Honeyflow.com | FAQ's |

Marked my first queen ^^

After the introduction of those expensive breeder queens went wrong and the split made for them raised their own queen, I finally got to check on them today. I told myself to sit on my hands for 4 weeks! But now I wanted to see how thex did. And they really DID something!

My selfmade Two-Appartment-House (made of a 10 frame box, I didn’t have a nuc box by then) was not able to hold 5 frames per section, so I had to leave that large gap having 4 frames in the split. They filled the gap with really beautiful natural comb, which was then filled with pollen and nectar. Thanks to this forum I knew what to do and rubberbanded it to an empty frame. Well, it SOUNDS easy, rubberband it to an empty frame, but after being able to losen it from the box wall in one piece, it bent in my hands and fell, so it finally did brake into 3 pieces. Very few bees drowned in nectar to my surprise. But the rubber bands and all that were not so easy to handle with the leather gloves, that soon became sticky and gooey… But that’s my result:

I think that should to the job, right? Would be a shame for the girls to lose all that precious pollen they stored. You can see the follower board I put in. I thought it might be a little too much of a good thing to transfer them from 4 to 10 frames at once.
Little queenie is indeed a big girl, she showed up on the very first frame I pulled. Thank every higher force there might be that I didn’t roll her in the act, it was very tightly packed with bees! She went into the marker cage with only a little persuation (I’m not ready to just grab and pick up a bee with my fingers…).

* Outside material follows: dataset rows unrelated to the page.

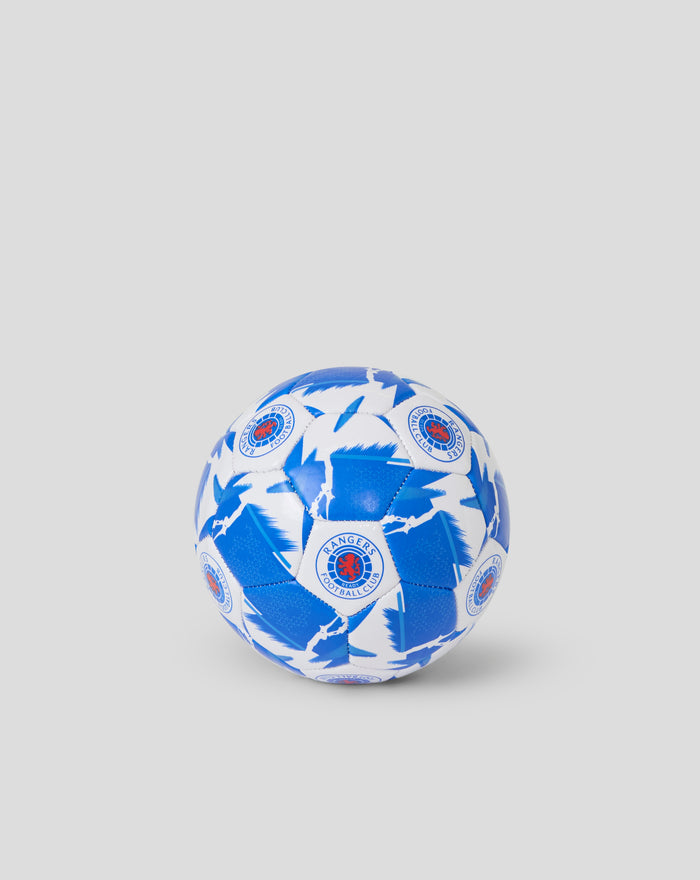 Rangers mini size 1 football shown from a lower angle with blue white panels and crest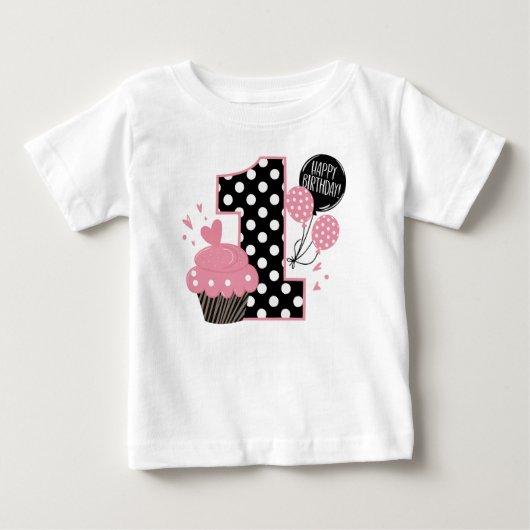 誕生日のカップケーキピンク ベビーTシャツ (正面)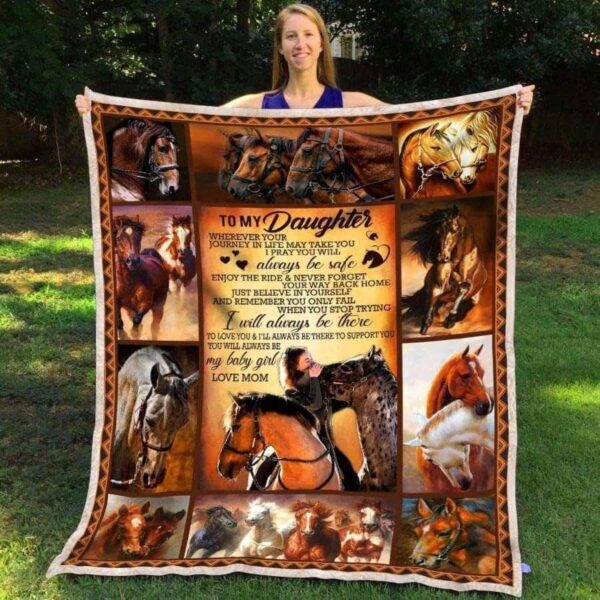 To My Daughter Horse Fleece Blanket Sherpa Blanket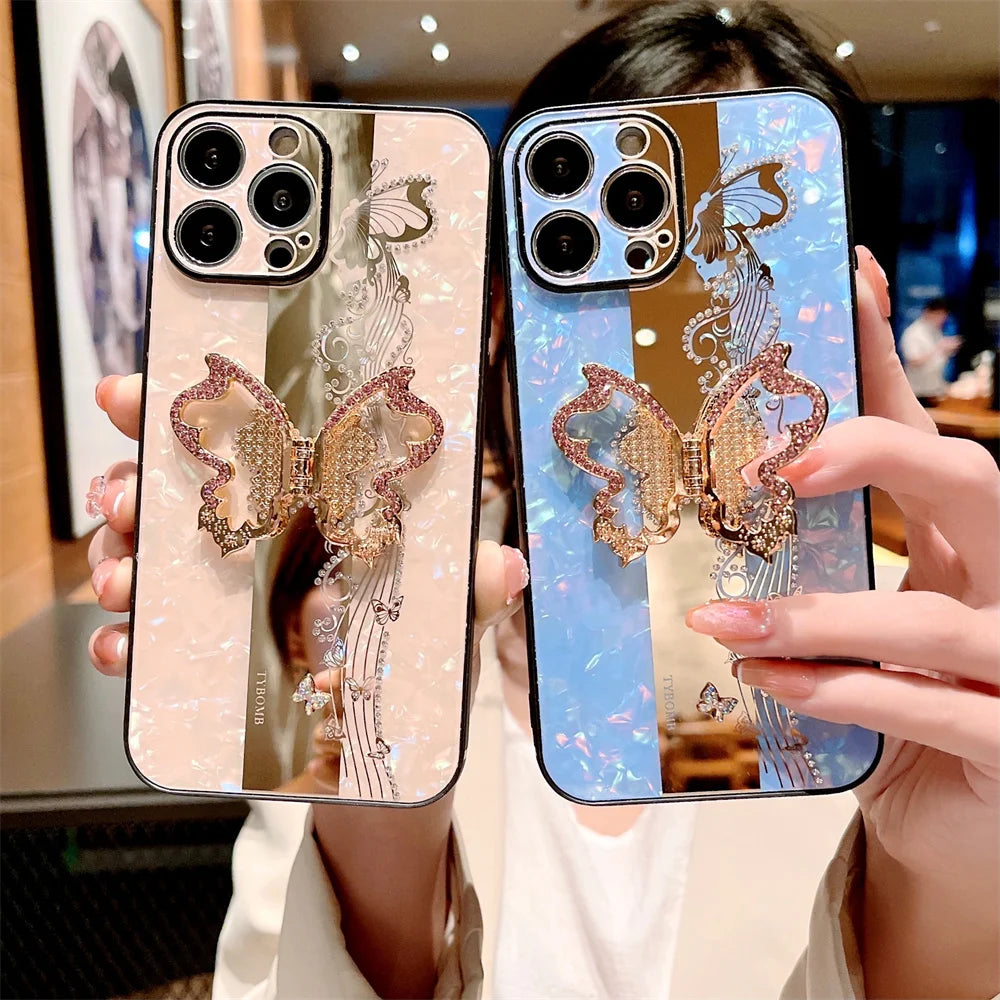Glitter Butterfly Metal Ring Case for iPhone 15 Pro Max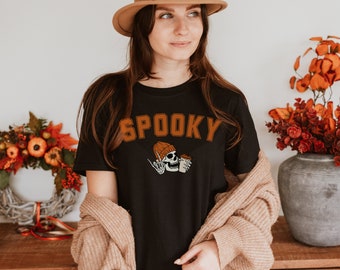 Spooky Coffee Drinking Skeleton T-Shirt, Funny Halloween Skeleton Tshirt, Halloween Party Tshirt, Spooky Tshirt, Trendy Coffee Shirt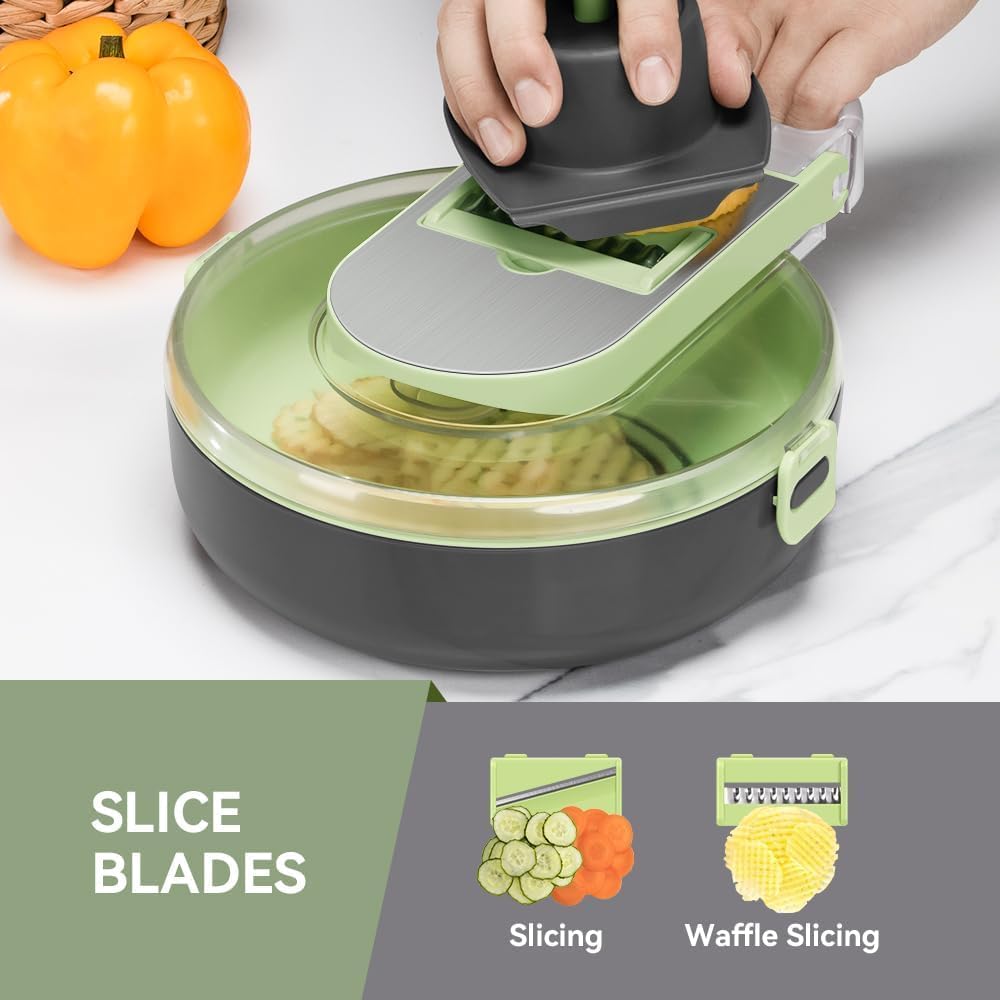 KEOUKE Vegetable Chopper Mandoline Slicer Round - 13 in 1 Interchangeable Blades Food Chopper with Container, Hand Guard & Drainer, Veggie Dicer Kitchen Gadget for Onion, Cucumber, Tomato, Fruit
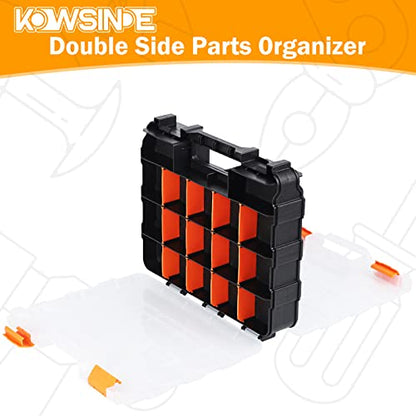 Kowsinde Double Side Tool Organizer, Hardware Storage Box, 34-Compartments Small Parts Organizer with Removable Dividers for Screws, Nuts, Nails, Bolts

And off she goes, diving into her home, surrounded by her girls, who started cleaning her right away. The marking plate ended up on her head in the first attempt, because she moved around in the cage when the glue was still fresh, so she managed to push the plate from her back to her head. But I was able to adjust it and I hope the glue on her head doesn’t affect her too much.
Her brood nest seems very fine to my, only that there was not much space left for her to lay. Highest time to give them more room, I think.

I put the new, empty frames on both sides of the brood nest, then the fixed up “burr comb” frame and then another empty frame. I’ll give them more frames by taking out the follower as soon as the empty frames are drawn. Hope this will work out and result in good, straight combs (as it did before in all the other hives).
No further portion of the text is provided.